*ASSIGNED TASK*. Beginning with the line that contains "گلدان ودرختچه مصنوعی نخل اریکا", retype the entries below exactly, ending with the line that contains "preview thumbnail 3". Leave out any pictures.

*LISTED ENTRIES*.
━━━━━━━━━━━━━━━━━━━━━━━━━━━━━━
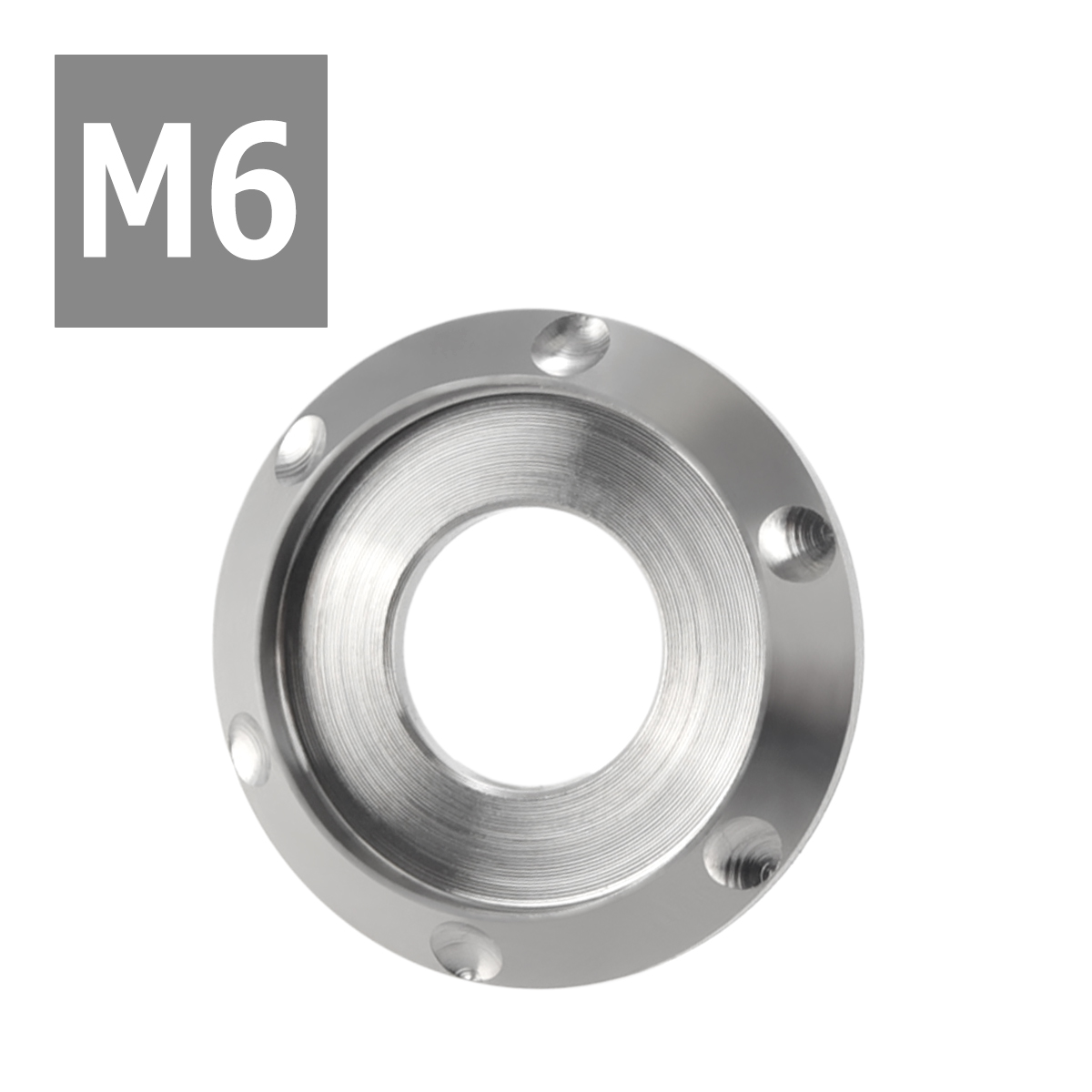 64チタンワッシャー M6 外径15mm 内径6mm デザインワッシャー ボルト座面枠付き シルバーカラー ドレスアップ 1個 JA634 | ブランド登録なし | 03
━━━━━━━━━━━━━━━━━━━━━━━━━━━━━━
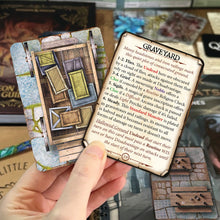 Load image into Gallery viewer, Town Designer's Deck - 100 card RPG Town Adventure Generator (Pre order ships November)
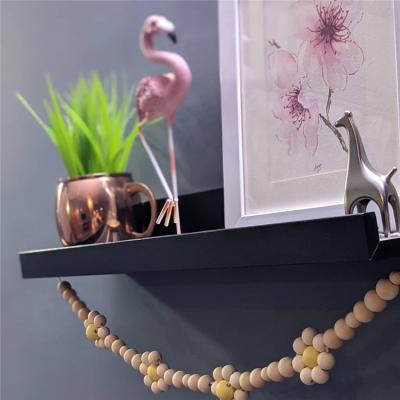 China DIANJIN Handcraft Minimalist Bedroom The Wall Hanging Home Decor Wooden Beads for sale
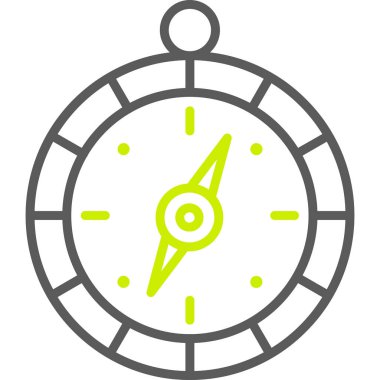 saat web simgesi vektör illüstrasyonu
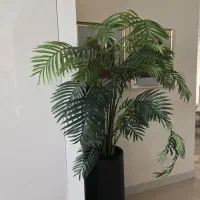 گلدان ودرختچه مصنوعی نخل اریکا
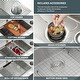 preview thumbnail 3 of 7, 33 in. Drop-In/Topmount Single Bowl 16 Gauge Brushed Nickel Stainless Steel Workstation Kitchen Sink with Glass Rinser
━━━━━━━━━━━━━━━━━━━━━━━━━━━━━━
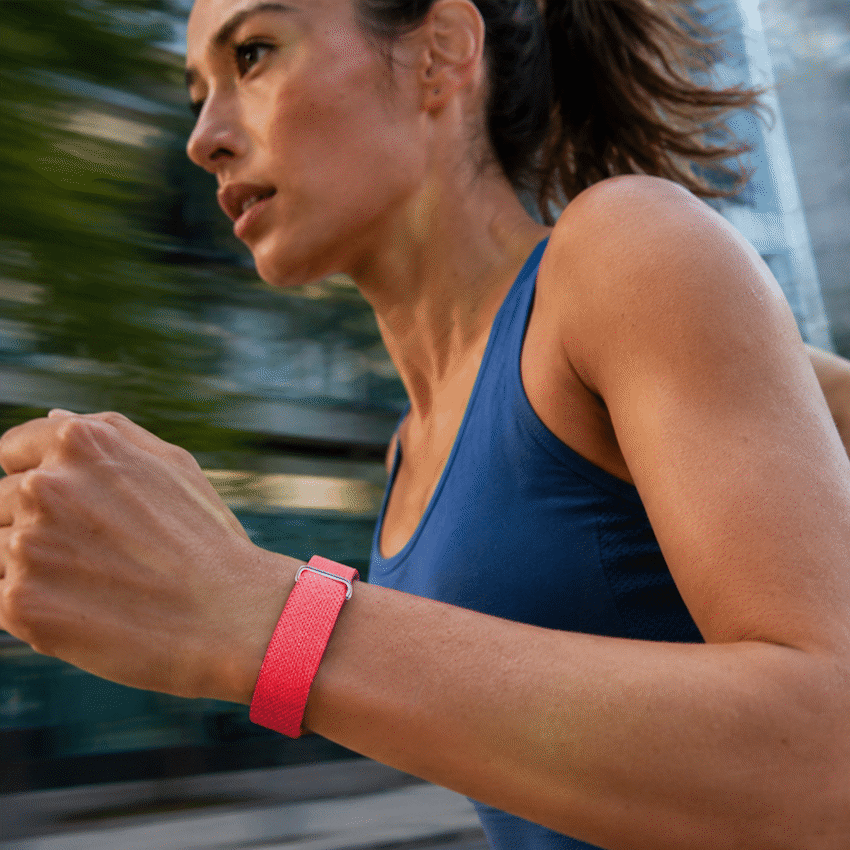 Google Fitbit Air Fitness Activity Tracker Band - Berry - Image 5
━━━━━━━━━━━━━━━━━━━━━━━━━━━━━━
*ANSWER FOR THE TASK*.
 گلدان ودرختچه مصنوعی نخل اریکا
 preview thumbnail 3 of 7, 33 in. Drop-In/Topmount Single Bowl 16 Gauge Brushed Nickel Stainless Steel Workstation Kitchen Sink with Glass Rinser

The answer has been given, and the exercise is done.